**RECORDS TO PROCESS**

Content starts

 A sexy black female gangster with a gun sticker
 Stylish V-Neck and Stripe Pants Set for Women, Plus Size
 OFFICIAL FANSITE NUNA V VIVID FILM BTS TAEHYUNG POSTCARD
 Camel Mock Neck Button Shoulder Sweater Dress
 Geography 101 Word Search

Content ends
Content starts

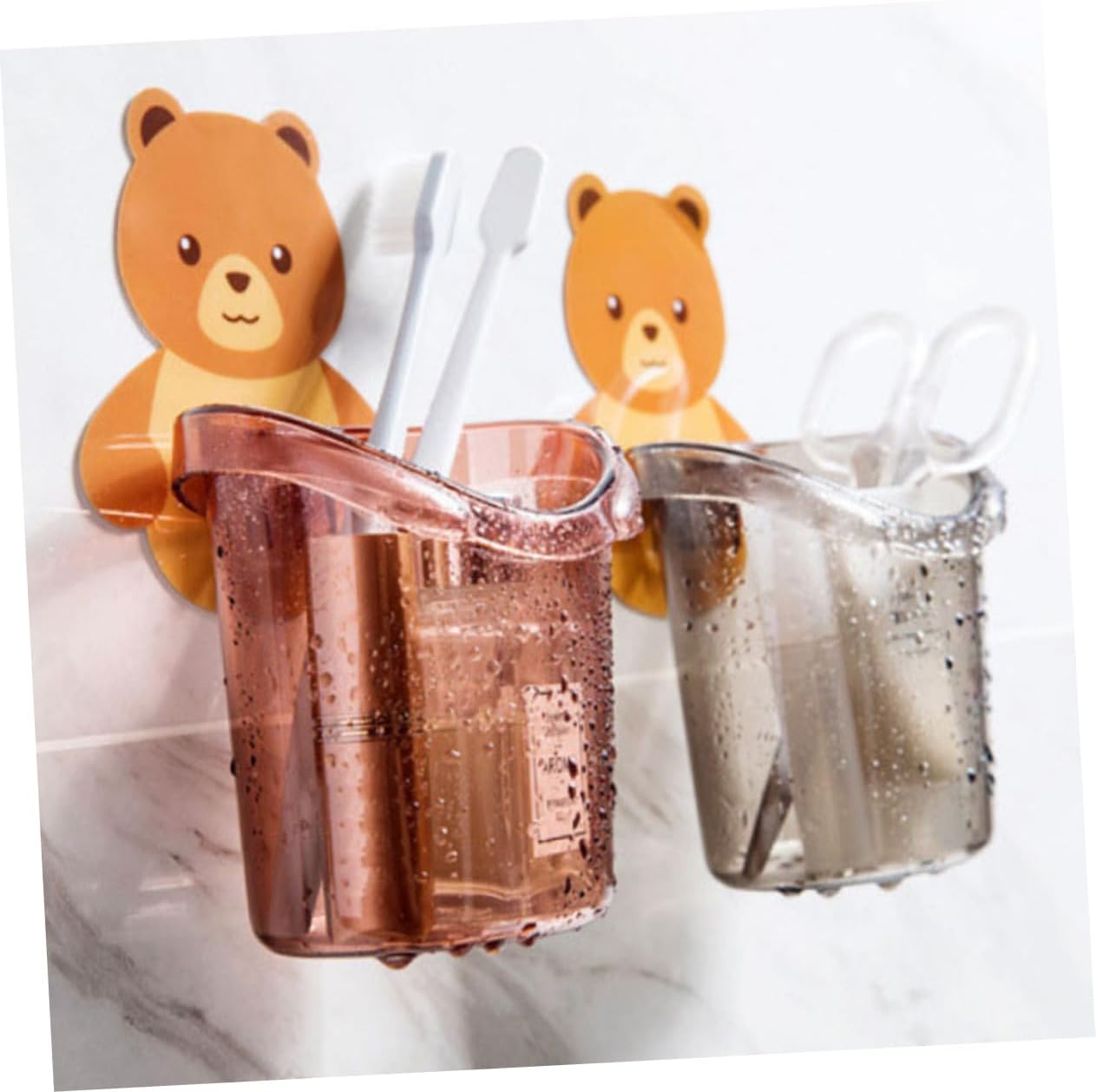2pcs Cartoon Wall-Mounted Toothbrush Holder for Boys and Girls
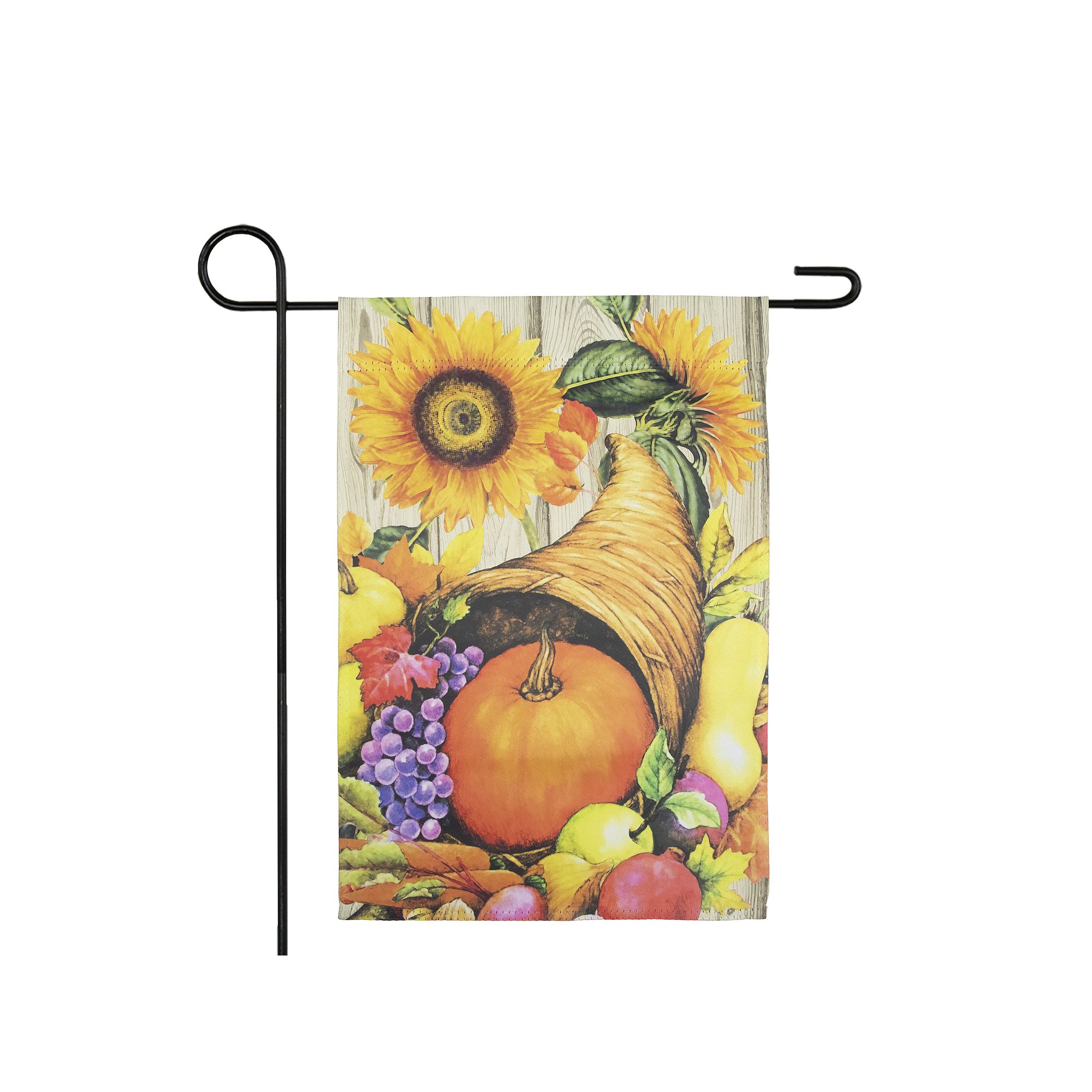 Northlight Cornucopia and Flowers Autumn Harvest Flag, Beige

Content ends

**EXERCISE DETAILS**
When you reach the line in the material above that holds "A sexy black", begin reproducing lines exactly, and stop after the line that holds "Geography 101 Word Search".

**WRITTEN REPLY**
 A sexy black female gangster with a gun sticker
 Stylish V-Neck and Stripe Pants Set for Women, Plus Size
 OFFICIAL FANSITE NUNA V VIVID FILM BTS TAEHYUNG POSTCARD
 Camel Mock Neck Button Shoulder Sweater Dress
 Geography 101 Word Search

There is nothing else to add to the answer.